Caption-style text data
-*-
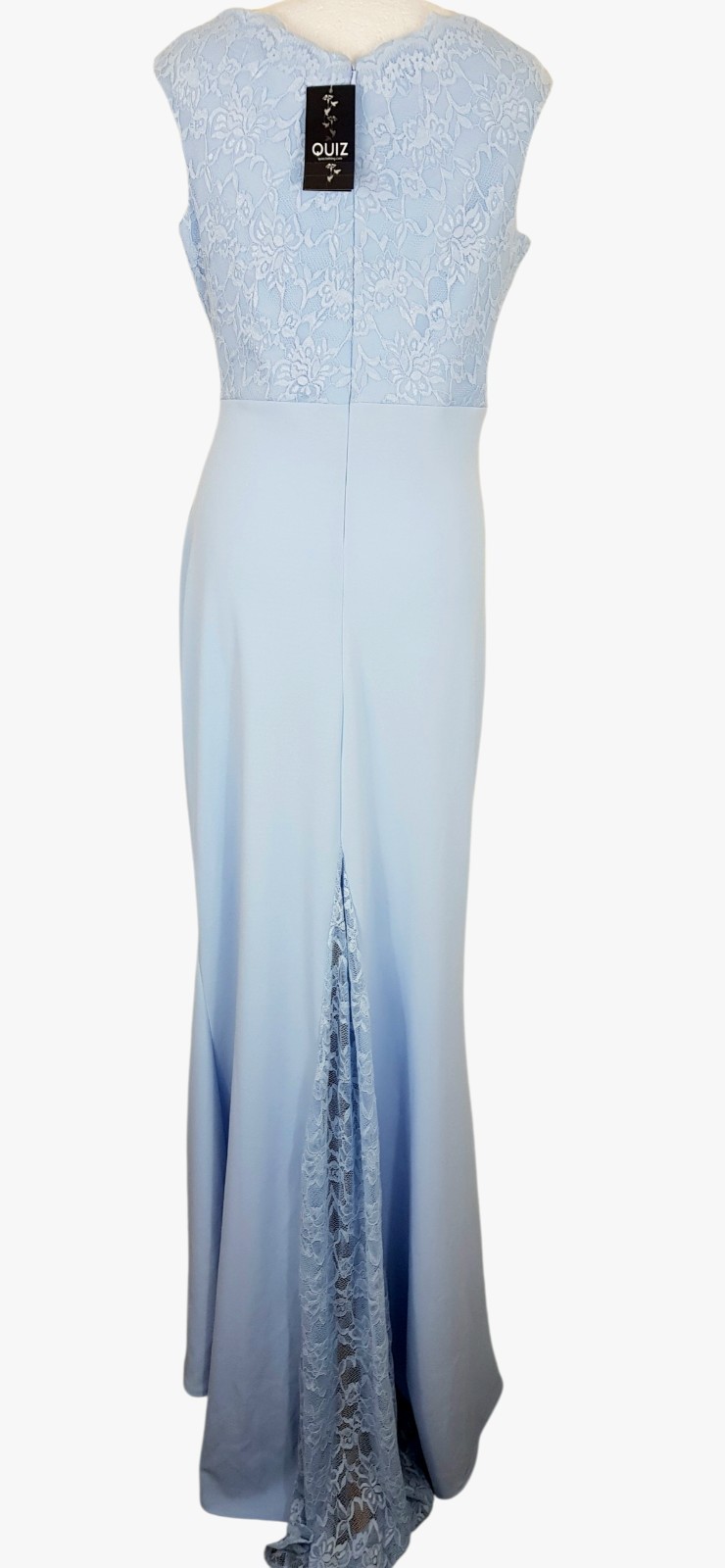 New Quiz Pale Blue Bardot Fishtail Lace Maxi Dress Size 16 RRP £69.99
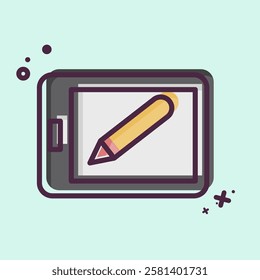 Icon Magic Slate. related to Kindergarten symbol. MBE style. design editable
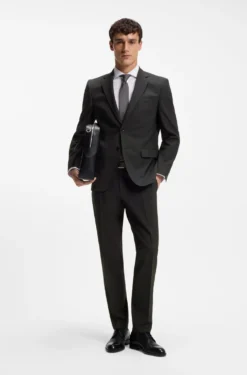Slim-fit trousers in stretch wool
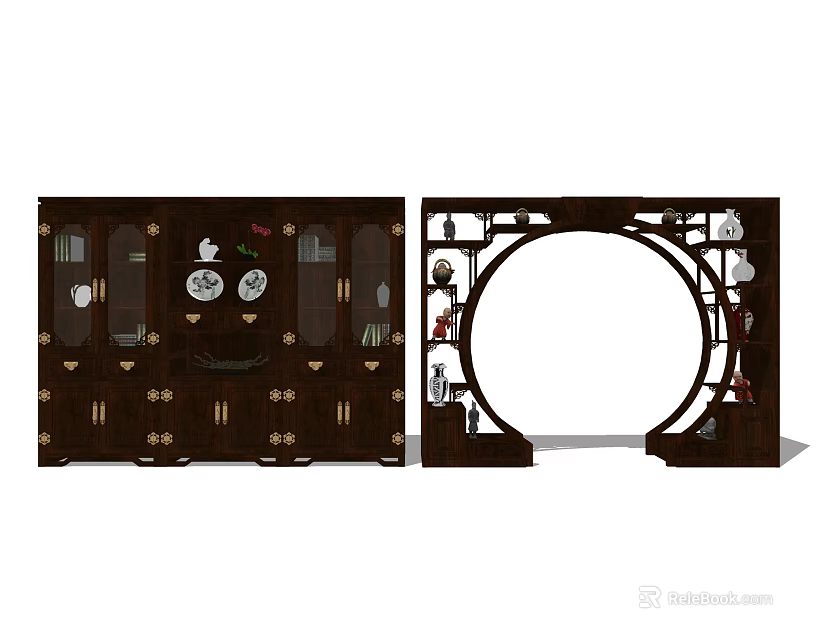Traditional Chinese Style Wooden Bookcase With Circular Design And Decorative Items 3d model 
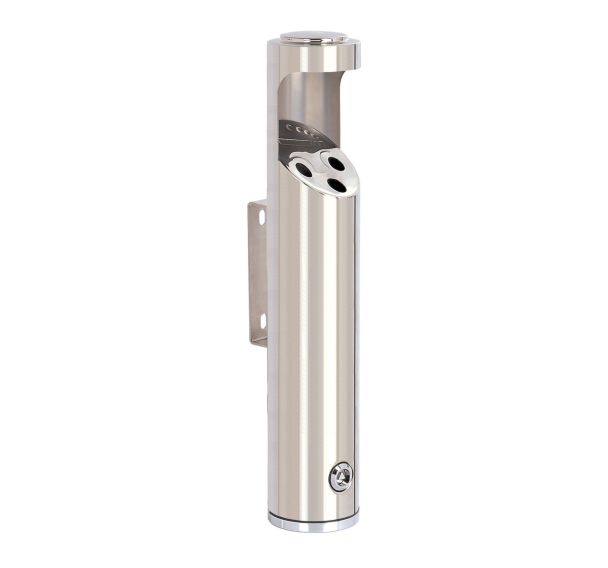 Cendrier mural rond en inox poli 1,7L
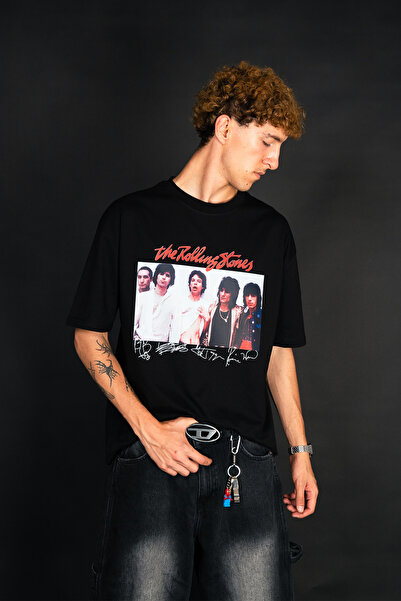 Sekizbiraltı 816 the Rolling Stones Oversize Black T-Shirt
-*-
# Prompt
All that is required is the lines from the line containing "Traditional Chinese Style" through the end of the records above, copied exactly, and none of the pictures.

# Response
Traditional Chinese Style Wooden Bookcase With Circular Design And Decorative Items 3d model 
 Cendrier mural rond en inox poli 1,7L
 Sekizbiraltı 816 the Rolling Stones Oversize Black T-Shirt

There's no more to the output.